Buddhism in Nepal
In many areas, Hinduism has absorbed Buddhism to a large extent, but the two religions have many shared deities and temples.
As every Nepali is proud to tell you, the Lord Buddha was born in Nepal. That is to say, he was born in the Shakya Kingdom of Kapilvastu which is now in the Rupandehi district in the Lumbini zone of Nepal. No one is exactly certain of the year when Prince Siddhartha was born, but it was probably around 623 B.C). According to the Tripitaka, he visited his father’s kingdom and converted his family and clan to Buddhism. Subsequently the Shakya clans moved to the Kathmandu Valley where they helped establish Buddhism there.

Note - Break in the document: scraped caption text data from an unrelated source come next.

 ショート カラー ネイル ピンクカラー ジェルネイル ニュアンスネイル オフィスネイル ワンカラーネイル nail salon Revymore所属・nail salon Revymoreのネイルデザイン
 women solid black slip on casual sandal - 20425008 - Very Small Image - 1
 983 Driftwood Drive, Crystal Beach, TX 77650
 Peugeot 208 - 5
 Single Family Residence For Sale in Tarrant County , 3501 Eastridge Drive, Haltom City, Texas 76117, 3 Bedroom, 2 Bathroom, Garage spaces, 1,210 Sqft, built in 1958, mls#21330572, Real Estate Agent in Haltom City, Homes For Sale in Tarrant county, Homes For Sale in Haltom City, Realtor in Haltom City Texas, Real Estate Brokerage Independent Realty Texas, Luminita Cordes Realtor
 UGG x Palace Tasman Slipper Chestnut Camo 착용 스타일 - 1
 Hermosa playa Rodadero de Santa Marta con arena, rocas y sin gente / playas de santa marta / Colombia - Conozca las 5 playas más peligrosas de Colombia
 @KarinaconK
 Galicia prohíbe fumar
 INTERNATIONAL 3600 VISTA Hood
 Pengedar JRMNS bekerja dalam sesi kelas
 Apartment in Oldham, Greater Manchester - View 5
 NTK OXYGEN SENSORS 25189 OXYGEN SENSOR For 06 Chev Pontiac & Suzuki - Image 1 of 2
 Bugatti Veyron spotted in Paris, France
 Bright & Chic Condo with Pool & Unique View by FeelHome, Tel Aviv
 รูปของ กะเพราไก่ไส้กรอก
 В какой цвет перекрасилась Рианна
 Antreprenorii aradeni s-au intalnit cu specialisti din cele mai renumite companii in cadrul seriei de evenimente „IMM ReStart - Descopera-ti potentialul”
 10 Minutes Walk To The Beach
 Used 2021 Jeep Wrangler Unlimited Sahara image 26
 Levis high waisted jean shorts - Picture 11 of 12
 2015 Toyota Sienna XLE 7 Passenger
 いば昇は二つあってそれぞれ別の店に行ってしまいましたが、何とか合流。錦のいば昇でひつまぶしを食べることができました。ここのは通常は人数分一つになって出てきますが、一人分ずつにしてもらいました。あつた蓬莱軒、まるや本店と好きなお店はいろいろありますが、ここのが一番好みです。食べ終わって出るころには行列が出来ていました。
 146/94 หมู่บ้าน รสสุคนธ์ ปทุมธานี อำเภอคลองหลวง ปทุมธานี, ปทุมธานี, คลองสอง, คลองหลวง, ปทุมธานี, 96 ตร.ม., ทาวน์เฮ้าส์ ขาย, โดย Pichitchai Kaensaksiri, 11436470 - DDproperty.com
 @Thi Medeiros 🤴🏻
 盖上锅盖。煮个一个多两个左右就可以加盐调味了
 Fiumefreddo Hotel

About 11 percent of Nepalese practice Buddhism and are mainly from Tibeto-Burman ethnic groups like Sherpas, Tamangs and Bhotia people from the mountain areas along the border with Tibet. In many areas, Hinduism has absorbed Buddhism to a large extent, but the two religions have many shared deities and temples. In Muktinath, the temple there is sacred for both Hindus and Buddhists.
Though most people in Nepal are Hindu, Buddhist influences are pervasive in most aspects of Nepali culture. Tibetan Buddhism is the most widely followed and the Newar Buddhists practice a particular Newar variant of Vajrayana Buddhism and Theravada Buddhism.
For a long time however, Buddhism was not widely followed in Nepal. In the first half of the twentieth century, the government of Nepal even banished a few Buddhist monks from Nepal in an aim to suppress the resurgence of Theravada Buddhism in the country. In 1926 and again in 1944, several monks were deported from Kathmandu. Those exiled in 1926 were the first group of monks to have been seen in Nepal since the 14th century. They had been trying to revive Theravada Buddhism which had disappeared from Nepal over five hundred years before. The ruling Rana regime took a dim view of Buddhism and Nepal Bhasa, the mother tongue of the Newar people. The Ranas saw the monks’ activities as a growing threat, so after police harassment and imprisonment failed to stop these Newar monks, five of them were deported, along with their Tibetan teacher, Tsering Norbu. They were marched to the Indian border under police escort. From here they first went to Bodh Gaya in India, and then dispersed to Burma and Tibet.
Another eight monks were exiled in 1944. Accused of encouraging women to renounce their faith and also found guilty of writing in Nepal Bhasa, they refused to promise not to continue their activities and were thrown out of the country. In India they founded the Dharmodaya Sabha (Society for the Rise of the Teaching) to promote Buddhism and some stayed in India, while others went to Tibet, Bhutan and Sri Lanka.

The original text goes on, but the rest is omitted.